The Tyrant Lord

MARKHAM CLINTON. (We may call it West Markham.) It lies near the Great North Road, in sight of three windmills in rather sorry plight.

The 4th Duke of Newcastle.
The 4th Duke of Newcastle.

Here in stone and marble is the sequel to one of the strangest chapters in 19th century social history, a chapter based on the text: Is it not lawful for me to do what I please with mine own? To do as it seemed lawful to him the fourth Duke of Newcastle, last of the feudal autocrats, caused an ancient church to be deserted and fall into decay, transferring the worshippers to a church of his own, which he summoned Sir Robert Smirke, architect of the British Museum, to build for him half a mile away.

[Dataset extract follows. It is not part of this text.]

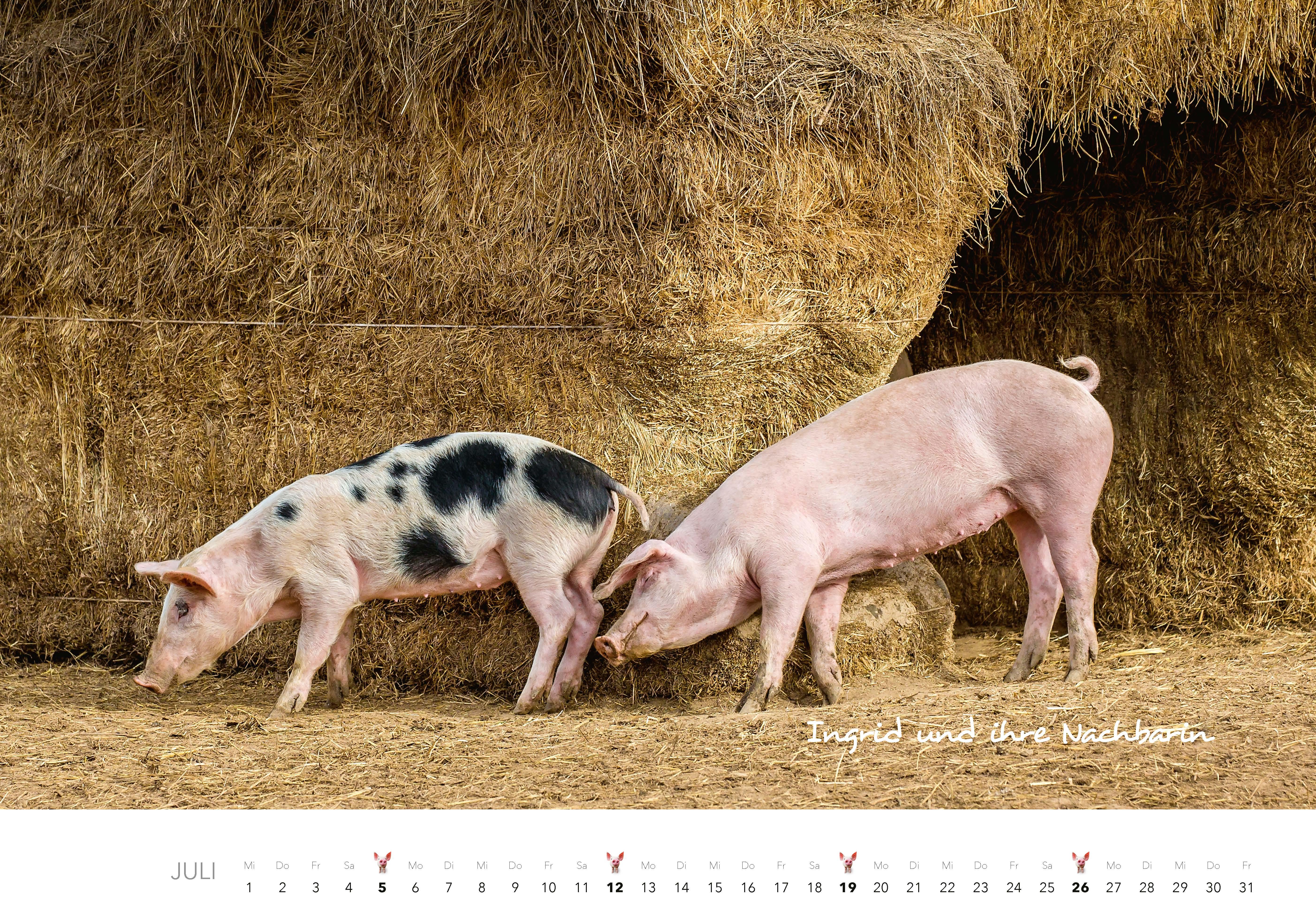 Beispielinhalt (Bild) Schweine Kalender 2026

West Markham church in 1982.
West Markham church in 1982.

The old church was being slowly restored at the time we called, to be a more fitting shrine for its treasures. In a churchyard with fine chestnut trees, its grey walls and red roof, with Elizabethan timbering in the bell-turret and the porch, rise in simple dignity above the wayside. It is said to have been founded by Roger de Builly, and some of the Norman work is still here. In the Norman doorway hangs an old oak door on its old hinges. There is a Norman shaft piscina, and joyous work of these master carvers remains on the fine Norman font, in whose arcading are seven happy figures, one a priest with a chalice, two holding books, some in cloaks, and some in belted gowns.

A few windows are medieval, and a piscina is 16th century. The roofs have new beams and three old carved bosses, one with a crowned man, one with a grotesque showing his tongue. There are six very high old oak benches, altar rails and a chest of the 17th century, and an old pillar almsbox. The old altar stone, more than seven feet long, is still here, and a venerable ladder which may even be Saxon has new rungs 19 inches apart.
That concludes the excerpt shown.